▶ [WHAT YOU ARE ASKED TO DO] Repeat the listing verbatim. Drop any pictures.

▶ [STORED DATA]
Content starts

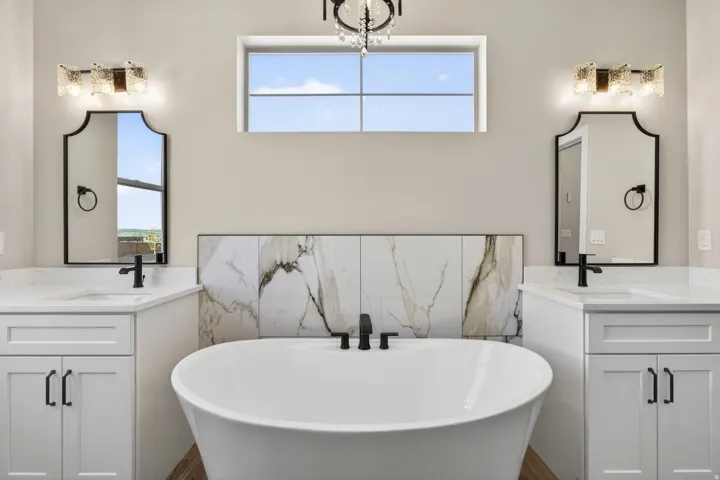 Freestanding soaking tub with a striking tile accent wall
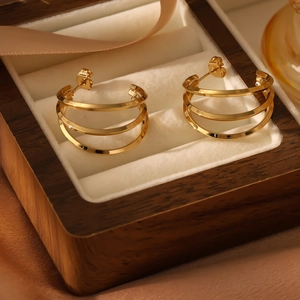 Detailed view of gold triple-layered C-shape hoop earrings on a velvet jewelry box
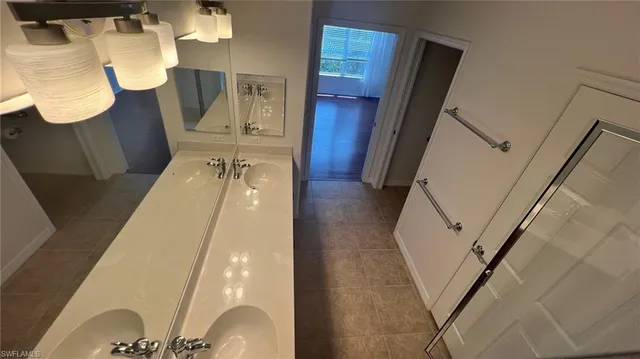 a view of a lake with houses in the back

Content ends

▶ [RESULT FOR THIS EXERCISE]
 Freestanding soaking tub with a striking tile accent wall
 Detailed view of gold triple-layered C-shape hoop earrings on a velvet jewelry box
 a view of a lake with houses in the back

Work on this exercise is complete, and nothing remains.